Babuy napisał:
W takim razie jeździsz z otwartą nóżką ?
Nie wypiąłem tą kostkę i chyba wywalę to całkiem
choć nie powiem czasem się to przydaje.
sytuacja z przed kilku dni : ruszam z parkingu wchodzę w zakręt a tu nagle grh... coś mi zaskrzypiało... patrze a tu otwarta stopka boczna , nic się nie stało gleby nie było ani nic ale gdybym miał to wpięte to nie pisał bym teraz tutaj.
Offline
Czujnik stopki w zetce to prymitywne rozwiązanie. Ja mam już to dawno wypięte. Ze 2 razy sobie zapomniałem, ale to raczej nic groźnego, bo jak jedziesz do przodu to stopka się składa.
Offline
poruszałem coś tam przy stopce i zaczeło działać . ale wg mnie to trochę niepewne ... jeżeli w czasie jazdy ma mi to źle zadziałać i wyłączyć zapłon to ja za takie coś dziękuję.

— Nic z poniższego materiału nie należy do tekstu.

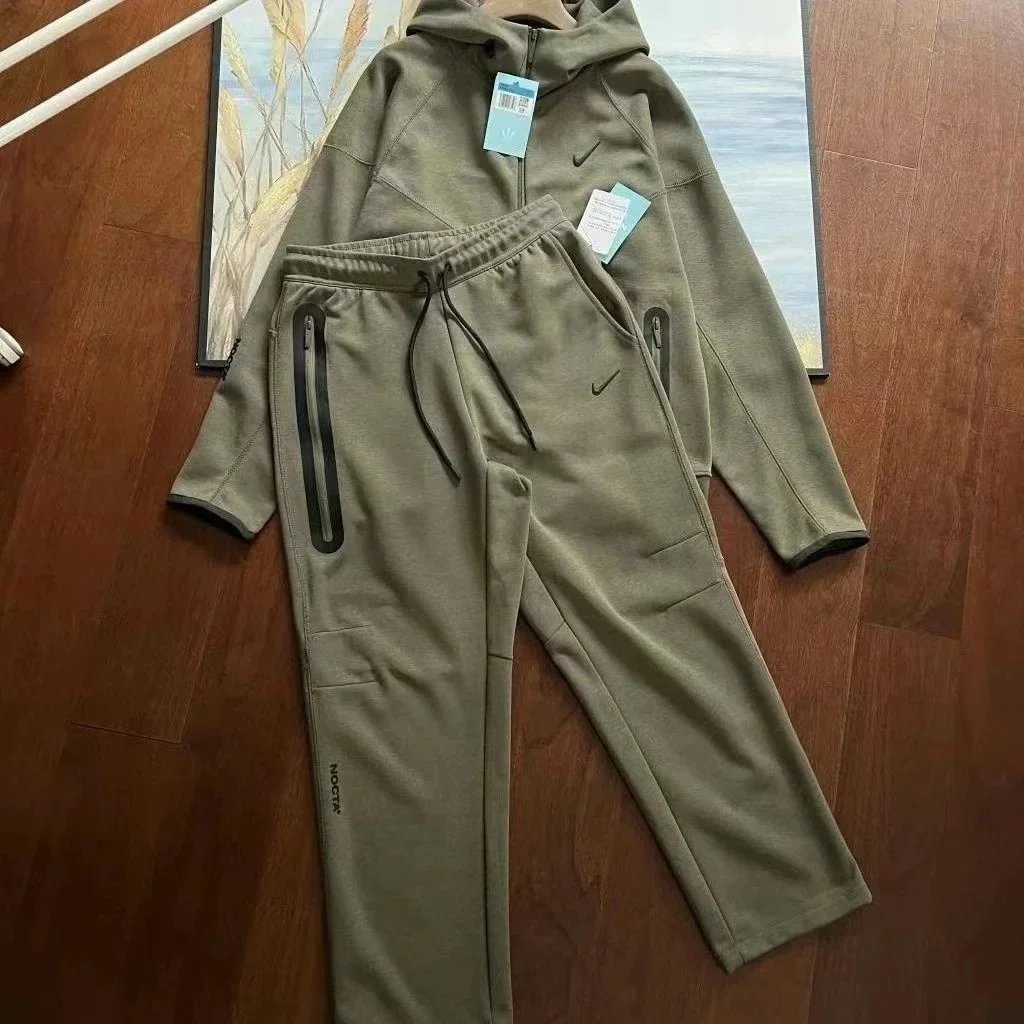 Nocta Tech 军绿色套装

A da się to jakoś delikatnie wypiąć żeby tego kabla nie było ? Bo nie chce tego całkiem zniszczyć . Czy po prostu wywalić całość ?
Offline
Moim zdaniem bez tego kabla wygląda lepiej. Polecam całe to ustrojstwo wywalić i sprawdzać przed rozpoczęciem jazdy czy masz złożona stopkę tak długo aż nie wyrobisz sobie tego "odruchu"
Offline
Mi się ten czujnik rozsypał to go odciąłem i jest git.